Don't have pics to share yet, but will take some this week to post up. 

Acquired a nice clean barrel from a friend in construction. It seemed to be unlined, but had some sort of a gold-ish colored varnish in the barrel to keep the original contents (joint compound) from sticking in the barrel. It was very clean inside and out and had a lid (no bung), so I was able to cut some custom exhaust pipe holes. 

Over the weekend we burned the paint and interior varnish off the barrel. I cut my air holes before the burn-out to help with high-heat burning. Took 3 days, 8 broken up pallets, 3 large bags of cheap charcoal, and 2 bottles of Vodka to get it all burned off/out, but we look good to go now. It was still smoldering Sunday afternoon, so Monday after work I went by and picked up the drum to go wash it out at the carwash. Then I pulled out the sander and wire wheel to prep the outside for paint. 

We accomplished a sweet coal basket build thanks to my friend's welding abilities. Used 2 pieces of 12 x 24 expanded metal and 1 small weber grill grate (thick one). Welded it all up with some 3" legs. Turned out very sturdy and should last for years to come.

Now I have to drill my holes for the food rack and temp gauges, add my handles, a shelf, and exhaust on the lid. Then I can paint it all up and fire up the UDS for some good-times and great BBQ. I expect to do a practice run with a beer butt chicken and then try my luck at a couple pork butts for pulled pork sandwiches. Will get some pics up soon. This thing is a lot of fun to build. 
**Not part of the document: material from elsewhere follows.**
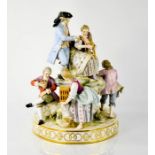 A 19th century Meissen figure group, six figures on leaf covered rock formation, round base with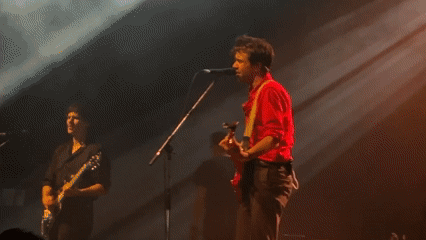 Live band performance captured on stage in Milan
Total cost so far is about $50 for all the parts. I think I have more $$ in Vodka and charcoal for the burn-out party than I do in the actual materials for the UDS itself.


----------



## BlueWaveCapt (Jan 8, 2007)

*pics*

Here are a couple pics I took last night w/ my phone.
I still plan to add some wheels to the base to get it off the ground and maybe a Weber 22.5" grill dome top for added cooking area, but for now I'm going to try it out like this to see how I like it.


----------



## 24Buds (Dec 5, 2008)

looks great! and the price is right. Keep me posted on how well it works, but everything I have read says its goood!


----------



## trodery (Sep 13, 2006)

That looks good Kent!


----------